Le rapport du KCE propose également des mesures préventives qui suivent 5 grands principes :
- La gestion de la douleur : La douleur, ressentie par la plupart des patients en soins intensifs, même inconscients, est un puissant facteur de risque de développer des symptômes de stress post-traumatique par la suite.
- La durée de la ventilation mécanique : Le KCE conseille de réduire au maximum la durée de ventilation mécanique, et de maintenir une sédation la plus légère possible lors du séjour. L’idéal est donc de réveiller régulièrement le patient et de le sevrer du respirateur (en favorisant donc sa respiration spontanée) et ce, dès que sa capacité respiratoire le permet.
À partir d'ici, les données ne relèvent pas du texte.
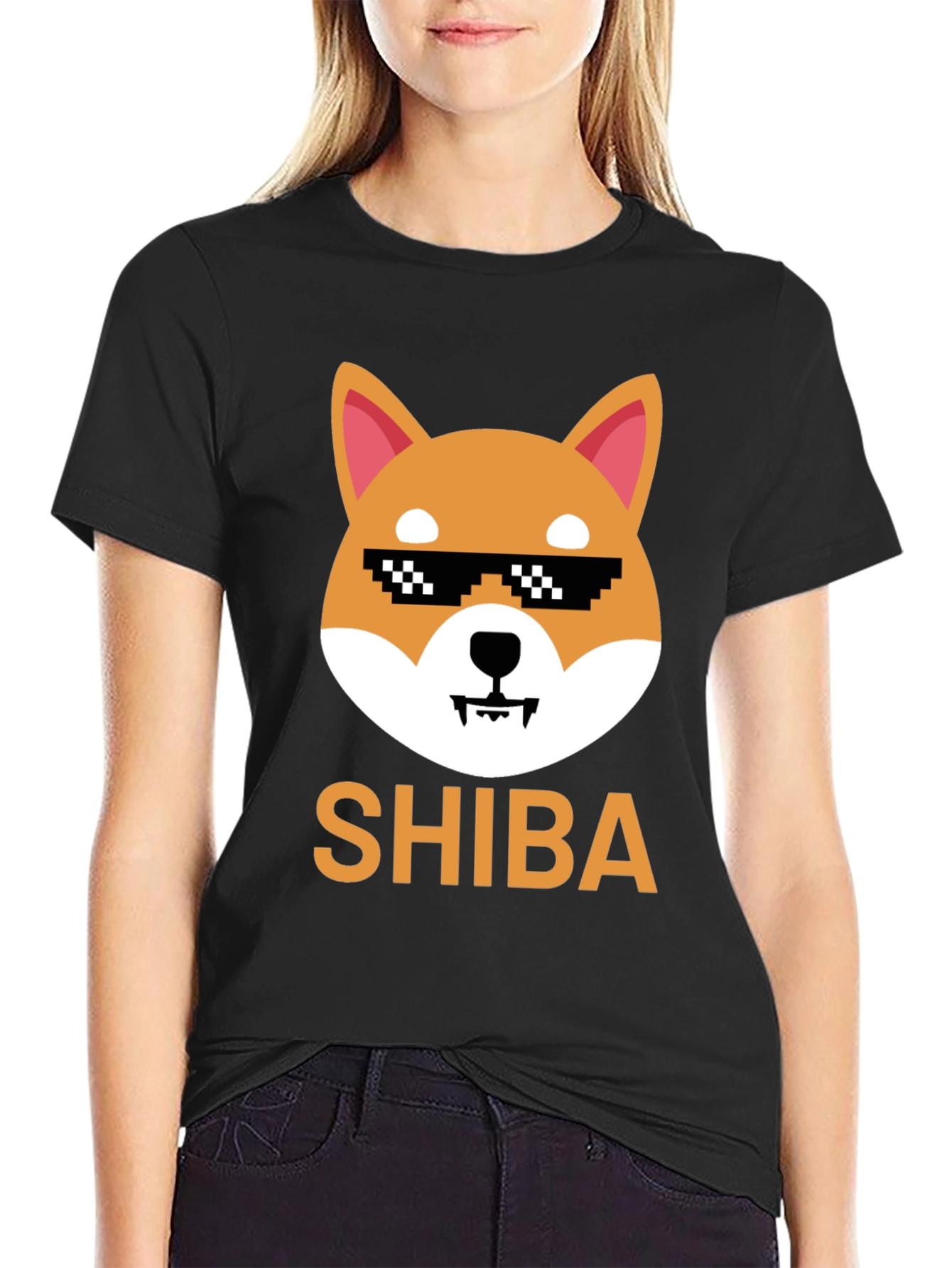 Shiba Inu Dog Pixel Sunglasses Mens Black T-Shirt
- La prévention du délirium : Le délirium est un état de confusion fréquent chez les patients en soins intensifs. Il se manifeste par une fluctuation du niveau de conscience, une orientation diminuée, des illusions et des hallucinations, et des anomalies du comportement. Pour le prévenir, il est important de mettre en place des mesures pour maintenir le patient en contact avec la réalité : en maintenant les cycles jour-nuit, en améliorant la qualité de son sommeil (réduire les lumières et le bruit la nuit) et en favorisant des interactions régulières avec ses proches;
- La mobilisation du patient : Il est important de mobiliser le patient dès que possible et ainsi, contribuer au maintien de sa force musculaire et de ses capacités fonctionnelles. Le KCE conseille la pratique d’exercices de mobilisation passive (dans le lit), mais aussi d’exercices actifs ou de marche dans le service dès que l’état clinique du patient le permet.
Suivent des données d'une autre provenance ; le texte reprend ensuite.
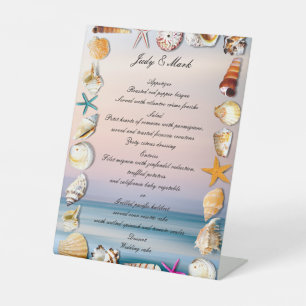 Tropical Sandy Beach And Seashells Wedding Menu Pedestal Sign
- L’importance du contact avec les proches : Le rapport du KCE pointe le doigt sur le fait qu’il faut faciliter les contacts entre les proches et le patient afin de réduire les risques de PICS. Cela passe par un élargissement des heures de visites et la mise en place de contacts virtuels quand cela n’est pas possible.
Ce qui existe et ce qui doit être mis en place
Quelques hôpitaux belges ont déjà mis en place des unités spéciales dédiées entièrement à la détection et au soin des PICS. C’est le cas de l’hôpital de la Citadelle qui a instauré une consultation de suivi pour les patients ayant séjourné longuement aux soins intensifs. Le projet est né en 2021 pour aboutir, au début de l’année 2022, à la constitution d’une équipe pluridisciplinaire composée de deux médecins, trois infirmières, deux kinésithérapeutes et d’un psychologue.
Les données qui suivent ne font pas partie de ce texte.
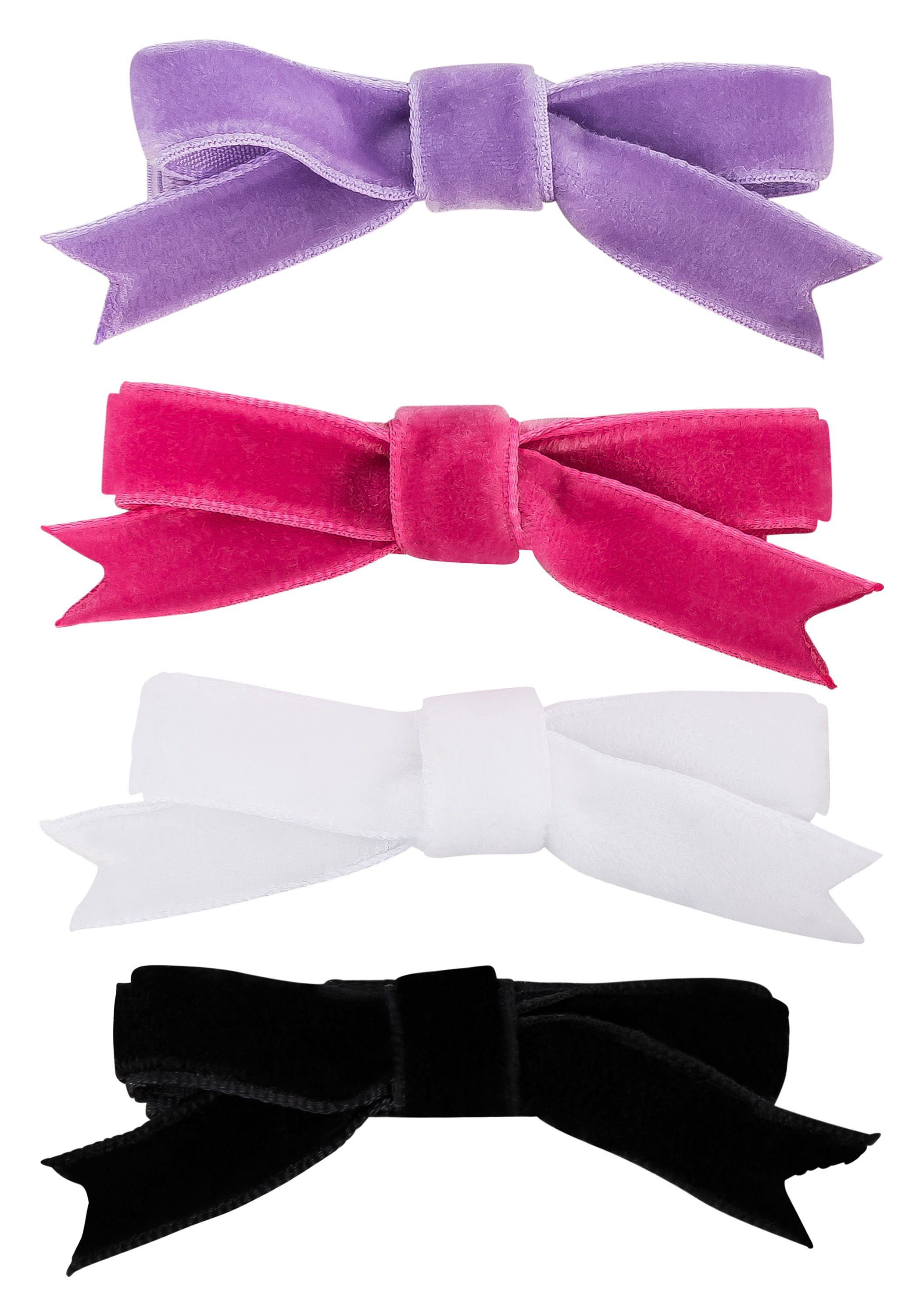 Haarspangen Schleifen Samt - pink, Haarspange mit aus Ballettschläppchen tanzmuster Mädchen schwarz weiß, für lila, Set, 4er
Le patient est évalué par l’équipe à travers des tests et questionnaires. Une discussion est entreprise afin de connaître son ressenti sur le séjour et d’évaluer son évolution globale depuis sa sortie de l’hôpital.
La Citadelle précise qu’il s’agit ici de « pouvoir détecter un éventuel PICS et proposer au patient un soutien supplémentaire à la sortie ainsi que des pistes de prise en charge au médecin généraliste ». L’hôpital précise : « Il ne s’agit en aucun cas de remplacer les prises en charge déjà proposées dans les centres de revalidation ou par le médecin généraliste, mais plutôt de les compléter au besoin. Un autre objectif est d’améliorer la communication entre les différents intervenants dans le suivi du patient après sa sortie des soins intensifs puis sa sortie de l’hôpital, là où le médecin généraliste occupe un rôle central ».
Vous l’aurez compris, les mesures recommandées par le KCE nécessitent toute l’attention du personnel de soins de l’unité. Idéalement, elles nécessiteraient même un renfort en termes de nombres d’infirmiers et de kinésithérapeutes à disposition du service. De plus, le KCE soulève l’importance d’éléments tels que la qualité du leadership, la communication, la coordination entre les soignants et la stabilité du personnel en place.